Reuters Fact Check, BBC, Meta Security Blog, March 2022

FAKE · Fraud Deepfake Ad

Taiwan Celebrity AI Investment Fraud Ads (2023-2024)

November 2023 onwards · Taiwan

From November 2023, Taiwan saw a flood of deepfake video ads featuring celebrities (including TSMC founder Morris Chang, Terry Gou, Lai Ching-te, and others) massively distributed through YouTube and Facebook ad systems. These videos claimed celebrities "personally endorsed" investment platforms promising high returns, precisely targeting retirees.

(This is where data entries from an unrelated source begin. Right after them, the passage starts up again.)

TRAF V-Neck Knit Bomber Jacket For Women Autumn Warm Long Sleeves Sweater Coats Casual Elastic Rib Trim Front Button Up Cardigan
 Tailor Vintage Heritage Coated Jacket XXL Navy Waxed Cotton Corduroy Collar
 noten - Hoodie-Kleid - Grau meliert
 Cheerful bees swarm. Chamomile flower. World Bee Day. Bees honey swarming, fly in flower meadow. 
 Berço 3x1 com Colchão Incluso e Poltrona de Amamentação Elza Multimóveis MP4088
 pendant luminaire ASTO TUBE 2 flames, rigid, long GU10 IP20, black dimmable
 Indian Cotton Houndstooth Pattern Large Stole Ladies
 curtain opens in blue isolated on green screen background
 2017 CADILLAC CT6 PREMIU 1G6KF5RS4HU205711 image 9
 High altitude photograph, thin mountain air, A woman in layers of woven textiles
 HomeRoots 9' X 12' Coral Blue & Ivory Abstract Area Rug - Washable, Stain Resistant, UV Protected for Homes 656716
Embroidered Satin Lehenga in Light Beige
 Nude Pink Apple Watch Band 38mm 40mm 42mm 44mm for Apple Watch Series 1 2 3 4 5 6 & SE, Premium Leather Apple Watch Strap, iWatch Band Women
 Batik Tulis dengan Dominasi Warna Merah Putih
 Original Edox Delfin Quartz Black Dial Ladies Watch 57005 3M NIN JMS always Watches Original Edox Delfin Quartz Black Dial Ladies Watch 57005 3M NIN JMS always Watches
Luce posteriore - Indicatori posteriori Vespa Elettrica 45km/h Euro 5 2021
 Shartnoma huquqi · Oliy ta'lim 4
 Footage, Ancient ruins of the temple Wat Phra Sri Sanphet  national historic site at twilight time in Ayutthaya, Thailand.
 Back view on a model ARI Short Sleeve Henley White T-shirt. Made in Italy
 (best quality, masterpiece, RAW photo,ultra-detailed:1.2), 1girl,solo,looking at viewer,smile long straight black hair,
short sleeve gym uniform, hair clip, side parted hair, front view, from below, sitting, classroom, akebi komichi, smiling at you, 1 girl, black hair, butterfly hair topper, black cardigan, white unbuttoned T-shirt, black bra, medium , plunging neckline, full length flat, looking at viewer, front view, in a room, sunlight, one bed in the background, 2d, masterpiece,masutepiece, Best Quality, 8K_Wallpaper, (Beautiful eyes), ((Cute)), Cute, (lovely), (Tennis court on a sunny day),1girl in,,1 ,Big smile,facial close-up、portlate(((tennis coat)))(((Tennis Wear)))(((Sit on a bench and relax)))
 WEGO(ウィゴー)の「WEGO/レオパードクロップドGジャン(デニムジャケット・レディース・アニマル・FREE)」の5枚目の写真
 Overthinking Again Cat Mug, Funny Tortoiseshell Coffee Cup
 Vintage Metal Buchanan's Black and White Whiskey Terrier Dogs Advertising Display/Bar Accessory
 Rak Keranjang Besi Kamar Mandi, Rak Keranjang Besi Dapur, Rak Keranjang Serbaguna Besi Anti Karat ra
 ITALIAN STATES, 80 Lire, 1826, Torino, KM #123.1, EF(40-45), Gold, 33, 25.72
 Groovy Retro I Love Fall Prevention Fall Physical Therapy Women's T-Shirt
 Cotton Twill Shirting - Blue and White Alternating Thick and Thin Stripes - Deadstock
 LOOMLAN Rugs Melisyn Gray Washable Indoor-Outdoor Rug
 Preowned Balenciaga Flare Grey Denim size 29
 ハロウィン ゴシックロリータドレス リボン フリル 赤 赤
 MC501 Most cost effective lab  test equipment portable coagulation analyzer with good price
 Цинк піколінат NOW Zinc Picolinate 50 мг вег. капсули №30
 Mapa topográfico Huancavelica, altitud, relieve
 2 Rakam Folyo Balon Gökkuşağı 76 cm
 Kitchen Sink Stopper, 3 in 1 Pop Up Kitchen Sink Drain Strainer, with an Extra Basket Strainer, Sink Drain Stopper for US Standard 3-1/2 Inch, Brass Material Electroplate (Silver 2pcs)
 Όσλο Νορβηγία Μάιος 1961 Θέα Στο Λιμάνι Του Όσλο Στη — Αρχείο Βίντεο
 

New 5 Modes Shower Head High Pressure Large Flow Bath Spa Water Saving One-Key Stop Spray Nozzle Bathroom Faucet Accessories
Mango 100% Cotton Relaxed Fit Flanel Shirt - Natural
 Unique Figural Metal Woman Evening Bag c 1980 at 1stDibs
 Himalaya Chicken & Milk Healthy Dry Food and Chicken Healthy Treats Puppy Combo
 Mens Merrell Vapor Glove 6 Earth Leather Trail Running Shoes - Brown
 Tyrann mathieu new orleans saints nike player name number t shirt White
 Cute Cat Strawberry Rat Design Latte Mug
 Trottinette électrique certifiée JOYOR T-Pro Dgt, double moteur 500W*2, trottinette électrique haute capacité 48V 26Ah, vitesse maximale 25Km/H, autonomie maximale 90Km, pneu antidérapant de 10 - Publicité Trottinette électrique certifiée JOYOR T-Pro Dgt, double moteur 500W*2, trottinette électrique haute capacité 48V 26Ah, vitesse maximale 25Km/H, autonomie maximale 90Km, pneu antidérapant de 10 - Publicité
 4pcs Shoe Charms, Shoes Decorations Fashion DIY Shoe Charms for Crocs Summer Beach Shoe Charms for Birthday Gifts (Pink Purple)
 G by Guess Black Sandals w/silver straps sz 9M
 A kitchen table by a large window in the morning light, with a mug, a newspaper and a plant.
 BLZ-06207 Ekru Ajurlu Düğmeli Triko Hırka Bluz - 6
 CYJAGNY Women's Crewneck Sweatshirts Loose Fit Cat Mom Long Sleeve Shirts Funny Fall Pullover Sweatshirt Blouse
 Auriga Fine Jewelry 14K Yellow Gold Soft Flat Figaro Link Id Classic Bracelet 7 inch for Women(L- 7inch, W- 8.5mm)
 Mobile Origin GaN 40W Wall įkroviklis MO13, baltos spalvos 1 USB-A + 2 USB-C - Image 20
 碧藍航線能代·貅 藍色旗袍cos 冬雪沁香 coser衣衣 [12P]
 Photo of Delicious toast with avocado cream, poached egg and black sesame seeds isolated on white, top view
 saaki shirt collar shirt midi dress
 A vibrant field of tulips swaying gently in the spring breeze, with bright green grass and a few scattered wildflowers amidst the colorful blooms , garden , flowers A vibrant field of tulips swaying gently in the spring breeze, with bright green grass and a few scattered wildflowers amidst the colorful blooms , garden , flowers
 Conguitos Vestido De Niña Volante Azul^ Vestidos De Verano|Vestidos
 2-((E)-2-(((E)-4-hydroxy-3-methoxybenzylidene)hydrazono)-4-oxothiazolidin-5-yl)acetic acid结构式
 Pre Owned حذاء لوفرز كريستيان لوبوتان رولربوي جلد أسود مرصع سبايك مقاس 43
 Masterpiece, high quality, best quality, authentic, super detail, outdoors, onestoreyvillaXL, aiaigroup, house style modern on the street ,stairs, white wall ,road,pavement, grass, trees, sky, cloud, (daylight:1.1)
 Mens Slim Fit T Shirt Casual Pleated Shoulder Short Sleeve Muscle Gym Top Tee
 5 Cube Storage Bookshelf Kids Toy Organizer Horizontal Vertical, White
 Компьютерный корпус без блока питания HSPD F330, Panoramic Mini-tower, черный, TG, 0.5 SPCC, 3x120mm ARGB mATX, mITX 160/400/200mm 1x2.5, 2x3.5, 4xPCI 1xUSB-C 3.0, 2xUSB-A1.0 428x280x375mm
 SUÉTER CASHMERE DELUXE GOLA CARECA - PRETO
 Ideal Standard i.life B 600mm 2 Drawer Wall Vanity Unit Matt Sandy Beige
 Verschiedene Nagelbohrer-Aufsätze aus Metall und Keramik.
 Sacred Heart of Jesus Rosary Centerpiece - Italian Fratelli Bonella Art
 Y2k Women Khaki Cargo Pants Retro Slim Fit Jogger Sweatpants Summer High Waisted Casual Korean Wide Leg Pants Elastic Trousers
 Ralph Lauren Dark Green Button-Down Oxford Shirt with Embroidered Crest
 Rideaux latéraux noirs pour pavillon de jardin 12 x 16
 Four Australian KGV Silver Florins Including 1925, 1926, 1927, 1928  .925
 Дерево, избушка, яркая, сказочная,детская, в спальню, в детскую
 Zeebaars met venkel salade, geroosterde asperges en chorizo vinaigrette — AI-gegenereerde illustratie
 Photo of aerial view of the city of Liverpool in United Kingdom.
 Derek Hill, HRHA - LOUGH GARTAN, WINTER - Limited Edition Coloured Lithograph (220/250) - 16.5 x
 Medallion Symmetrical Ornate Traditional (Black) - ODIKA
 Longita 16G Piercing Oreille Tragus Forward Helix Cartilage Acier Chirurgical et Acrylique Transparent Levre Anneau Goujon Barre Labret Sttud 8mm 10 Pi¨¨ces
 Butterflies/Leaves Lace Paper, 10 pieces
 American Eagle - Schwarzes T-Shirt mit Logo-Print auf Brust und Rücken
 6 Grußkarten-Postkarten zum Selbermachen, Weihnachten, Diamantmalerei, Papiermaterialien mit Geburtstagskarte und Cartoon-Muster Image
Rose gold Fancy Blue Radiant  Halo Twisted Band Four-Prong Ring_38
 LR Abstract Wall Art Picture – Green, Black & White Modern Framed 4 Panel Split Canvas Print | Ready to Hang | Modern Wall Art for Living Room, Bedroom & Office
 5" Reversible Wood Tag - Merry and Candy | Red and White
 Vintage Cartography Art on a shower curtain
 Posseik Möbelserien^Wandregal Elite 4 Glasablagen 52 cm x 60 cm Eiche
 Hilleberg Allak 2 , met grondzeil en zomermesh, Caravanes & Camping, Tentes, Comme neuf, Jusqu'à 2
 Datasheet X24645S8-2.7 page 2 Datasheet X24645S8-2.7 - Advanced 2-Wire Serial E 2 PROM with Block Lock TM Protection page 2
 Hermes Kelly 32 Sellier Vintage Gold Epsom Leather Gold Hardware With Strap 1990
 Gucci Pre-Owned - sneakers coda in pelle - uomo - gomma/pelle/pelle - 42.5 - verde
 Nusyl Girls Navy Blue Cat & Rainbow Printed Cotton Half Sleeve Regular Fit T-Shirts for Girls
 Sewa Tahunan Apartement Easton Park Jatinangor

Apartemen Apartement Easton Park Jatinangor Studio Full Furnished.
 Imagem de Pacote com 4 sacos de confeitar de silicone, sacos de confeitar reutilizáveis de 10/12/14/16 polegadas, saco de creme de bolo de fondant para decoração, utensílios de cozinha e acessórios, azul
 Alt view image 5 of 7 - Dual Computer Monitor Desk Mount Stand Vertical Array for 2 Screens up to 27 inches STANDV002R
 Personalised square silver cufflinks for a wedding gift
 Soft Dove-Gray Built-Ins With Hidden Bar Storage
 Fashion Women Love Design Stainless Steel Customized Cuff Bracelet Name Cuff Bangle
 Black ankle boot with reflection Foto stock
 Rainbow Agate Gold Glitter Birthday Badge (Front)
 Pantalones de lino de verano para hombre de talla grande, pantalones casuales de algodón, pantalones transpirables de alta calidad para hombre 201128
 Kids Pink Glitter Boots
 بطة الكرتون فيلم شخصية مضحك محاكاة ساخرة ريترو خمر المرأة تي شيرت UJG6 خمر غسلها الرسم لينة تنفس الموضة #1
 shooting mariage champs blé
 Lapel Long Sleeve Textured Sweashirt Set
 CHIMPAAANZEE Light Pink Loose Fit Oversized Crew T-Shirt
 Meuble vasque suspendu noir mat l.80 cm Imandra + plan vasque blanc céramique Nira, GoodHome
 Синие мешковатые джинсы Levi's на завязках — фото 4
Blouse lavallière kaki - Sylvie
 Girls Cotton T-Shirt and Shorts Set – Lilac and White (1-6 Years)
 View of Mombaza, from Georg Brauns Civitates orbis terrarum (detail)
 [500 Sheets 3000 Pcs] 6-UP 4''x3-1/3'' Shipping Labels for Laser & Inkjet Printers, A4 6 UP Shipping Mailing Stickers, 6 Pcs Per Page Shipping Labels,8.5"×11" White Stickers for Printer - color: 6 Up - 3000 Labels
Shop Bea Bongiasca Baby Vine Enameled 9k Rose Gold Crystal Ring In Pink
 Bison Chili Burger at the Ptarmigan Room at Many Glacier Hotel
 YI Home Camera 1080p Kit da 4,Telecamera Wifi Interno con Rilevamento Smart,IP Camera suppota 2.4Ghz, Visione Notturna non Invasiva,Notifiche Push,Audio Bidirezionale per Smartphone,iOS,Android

Related fraud cases are estimated to have caused over NT$1 billion in losses for Taiwanese citizens, with multiple victims losing their life savings. Technical analysis showed these videos shared common tells: ① Lip movement not perfectly synced with Chinese dubbing ② Slight "melting" at hair edges when turning sideways ③ Direct eye contact with almost no blinking ④ Unnaturally applied background blur.

Legal Developments

In a 2024 New Taipei District Court ruling, the court accepted AI forensic reports as supporting evidence confirming the defendant used deepfake technology to produce advertising videos, sentencing them to 4 years and 6 months imprisonment. This was one of the first deepfake fraud convictions in Taiwan using AI forensic reports as primary supporting evidence.